L.A. Weekly recently conducted an online tournament to determine the greatest L.A. novel of all time. The entries and the ultimate winner make for some interesting reading, both for which books made the cut and those that didn’t get a nod. I am willing to wager that if a similar contest is held in 10 years or so, you will find one of Timothy Hallinan’s Junior Bender novels --- CRASHED, LITTLE ELVISES, or the newly published THE FAME THIEF --- somewhere in the running.
After reading the latest installment over the past couple of days, I found myself looking up from the page and wondering how I suddenly had been transported back to my familiar, somewhat pedestrian environs in Westerville, Ohio, as opposed to traversing the streets of Los Angeles with the competent and wisecracking Bender. Is the book that good? Absolutely!

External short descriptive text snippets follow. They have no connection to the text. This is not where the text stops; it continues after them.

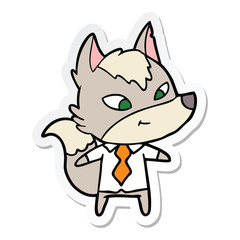 sticker of a friendly cartoon wolf manager
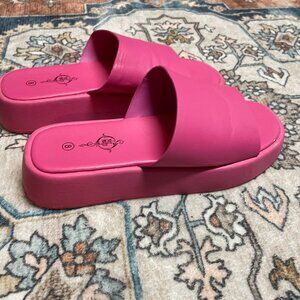 Sole Mates Pink Platform Slide Sandals Size 8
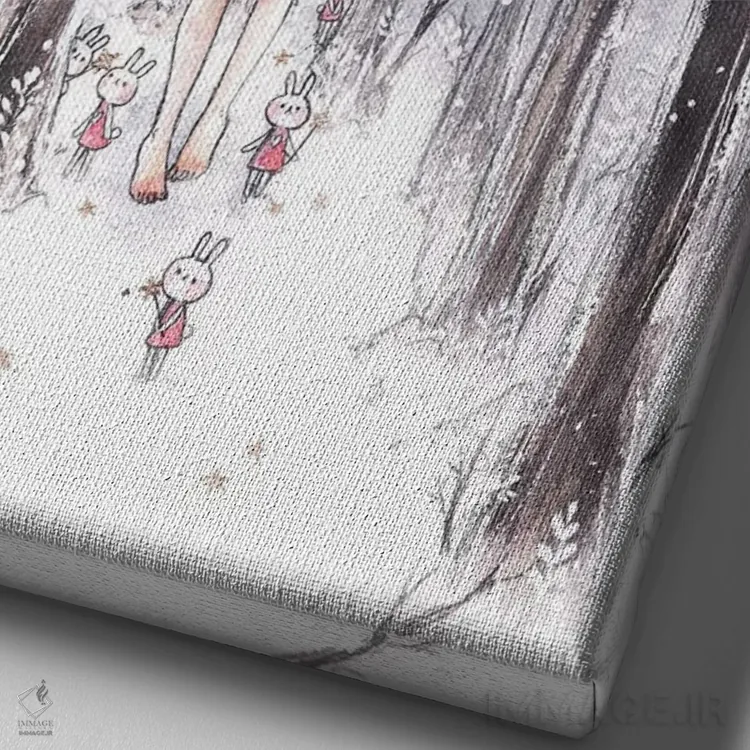 تابلو دکوراتیو شب برفی اثر چریوکی - نمای نزدیک بافت بوم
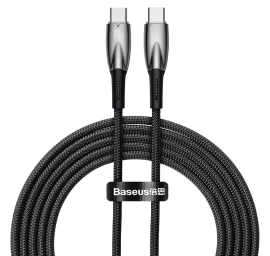 Glimmer Serijos Usb-c 480mb/s Pd 100w Greitojo įkrovimo Kabelis 2 M Juodas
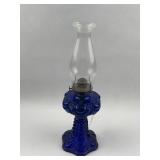 Cobalt Blue Princess Feather Pressed Glass Kerosen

"Read THE FAME THIEF. It’s a great book, an interesting mystery, and one of the best novels about living in Los Angeles that I’ve read in a while. I can’t give it any higher praise than that."
While Hallinan is probably better known for his exotic Poke Rafferty series set in Bangkok, the Bender novels stand tall and strong in their own right. Bender is a professional thief who works at the request and pleasure of criminals; his personality and strict moral code (yes, really) somehow make what he does seem okay, unless, of course, you’re on the receiving end of his talents. So what we have here is a guy who, in the short course of three novels, has maneuvered himself --- with some help from Hallinan, of course --- to the forefront of the pantheon of L.A. anti-heroes. This isn’t always a good thing for Bender, who at the beginning of THE FAME THIEF once again finds himself in the less-than-benevolent presence of the ancient but still-dangerous Irwin Dressler, a mob boss whose ring, among other things, is kissed by anyone desirous of making a movie that has even the slightest chance of success.

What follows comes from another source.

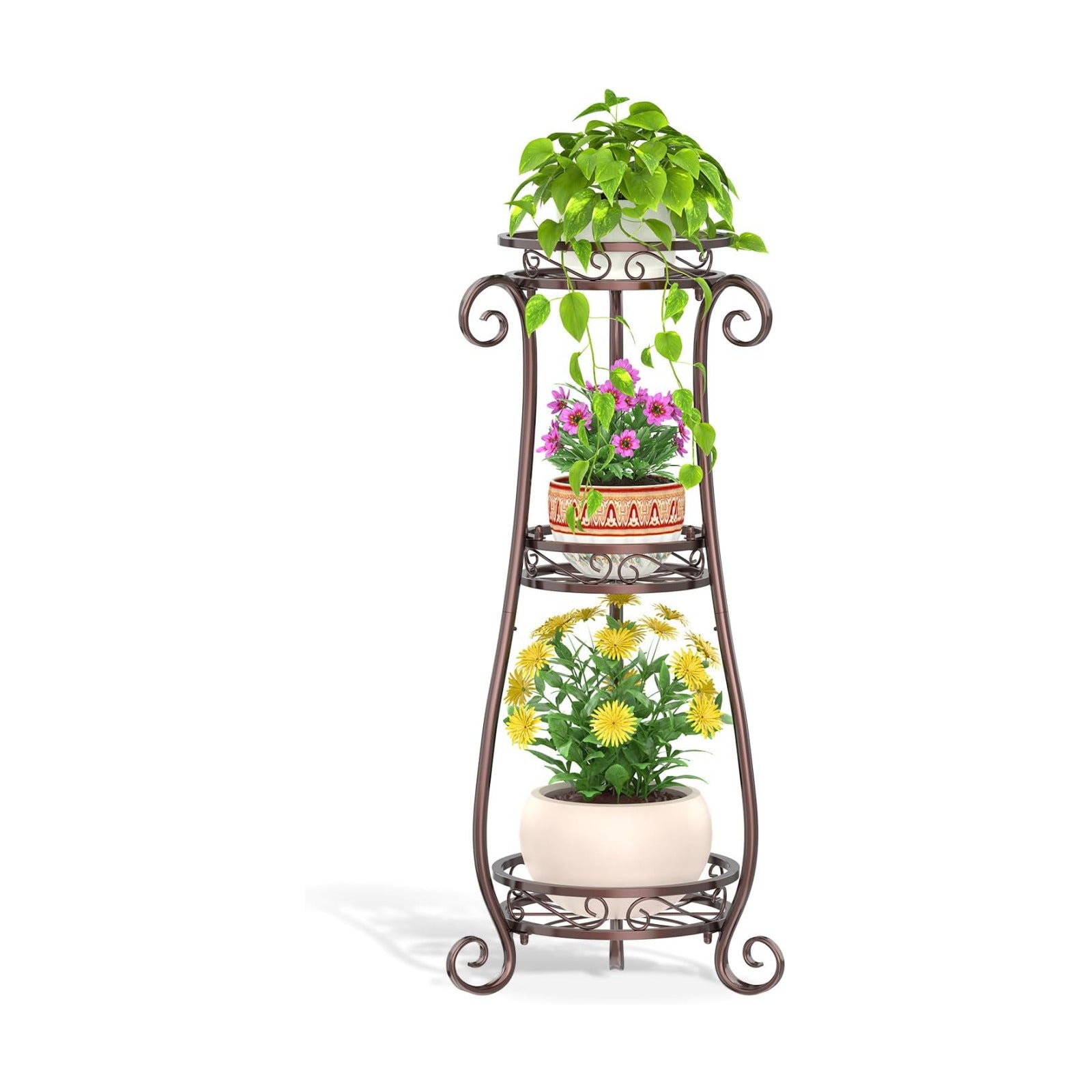 LASZOLA 3 Tiers Metal Corner Plant Flower Stand Tall Indoor Outdoor, Bronze | Heavy Duty Small Holder Shelf for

Dressler retains --- nay, commands --- Bender to solve what amounts to a 60-year-old mystery concerning a once up-and-coming starlet named Dolores La Marr. Dolly was on the cusp of major stardom when she was caught in a compromising position at a Las Vegas party full of career criminals. The resultant publicity and a stint before the Kefauver Senate committee hearings on organized crime took her film career from 60 to zero in record time. Dolly is still on this side of the veil, living on memories and what might have been, but Bender still wonders what the point of this five-finger exercise is, given that Dolly’s potential as a film actress is more than long gone and that whoever may have set her up so many decades ago is undoubtedly dead themselves.
Nevertheless, it quickly becomes clear to Bender that someone wants the past to stay buried, particularly when he narrowly escapes an incident that nearly puts the investigation --- and Bender himself --- permanently on the cooling board. Fortunately, Bender’s love interest, the very capable Veronica “Ronnie” Bigelow, is along for the ride, because he needs all the help he can get.
In addition to Dressler, a client who will not take “no” for an answer, Bender’s ex-wife is looking to sell their former home, unaware that the sale is part of a shady real estate scheme that her new boyfriend has cooked up. At the same time, a somewhat twisted hitwoman presents Bender with a matter to investigate: someone, who may or may not be her daughter, may or may not be coming to town to kill her.
Bender sorts out all of these things in due course and time, and not necessarily neatly, but a great deal of the fun here is the journey between the beginning and the end. And make no mistake about it: Hallinan is a wordsmith par excellence. A particular section of the book deals with Dolly’s background and the events leading up to the point at which she began her movie career. I was tempted to tear that portion out and paste it on the wall, as an example to all of what good --- let’s make that excellent --- writing is all about. I didn’t do that, so I’m recommending it to you instead.
Read THE FAME THIEF. It’s a great book, an interesting mystery, and one of the best novels about living in Los Angeles that I’ve read in a while. I can’t give it any higher praise than that.